Thousands of pupils strike in demand for action on climate change

By Lewis McKenzie, Political Reporter, Press Association Scotland

Thousands of schoolchildren across Scotland have taken part in another day of strikes to demand urgent action to tackle climate change.

Events were held at locations including outside the Scottish Parliament in Edinburgh and at George Square in Glasgow.

Protests were also held in towns and cities across the country including Aberdeen, Fort William, Skelmorlie, Aboyne, Fort William, Peebles, Nairn, Stirling and Ullapool.

Scottish Greens co-convener Patrick Harvie told crowds in George Square, Glasgow, that it is vital they keep up the pressure on Governments and decision-makers.

“There’s huge sense of optimism right now, inspired by this global movement, that we can finally deliver the decisive action to reduce emissions we should have had years ago when Scotland first passed climate legislation,” he said.
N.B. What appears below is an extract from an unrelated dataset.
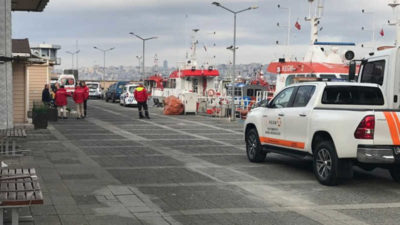 Otomobilde tartıştığı kız arkadaşını öldürüp köprüden atladı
“But we need to resist the instinct from corporations and others who’ve created the crisis to shift responsibility for change back onto individual lifestyles.

“We need full system-level change and we need it urgently. That’s why this movement is so vital and why it must keep going.”
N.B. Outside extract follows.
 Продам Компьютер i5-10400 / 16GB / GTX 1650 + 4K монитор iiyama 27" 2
Protesters march on the Scottish Parliament (Jane Barlow/PA)

Ahead of the demonstrations, Holly Gillibrand, 13, from Fort William said: “I am too young to vote and we can’t wait for people my age to come into power.

“That’s why we need to strike to make our voices heard.”

Neelu Saraswatibhatla, 17, from Edinburgh, said: “Business as usual will result in climate destruction and disruption is necessary in order to force governments to take urgent action as the alternative is death.”

Evie Hylands, 15, from Glasgow, said: “This protest symbolises something greater than just a strike.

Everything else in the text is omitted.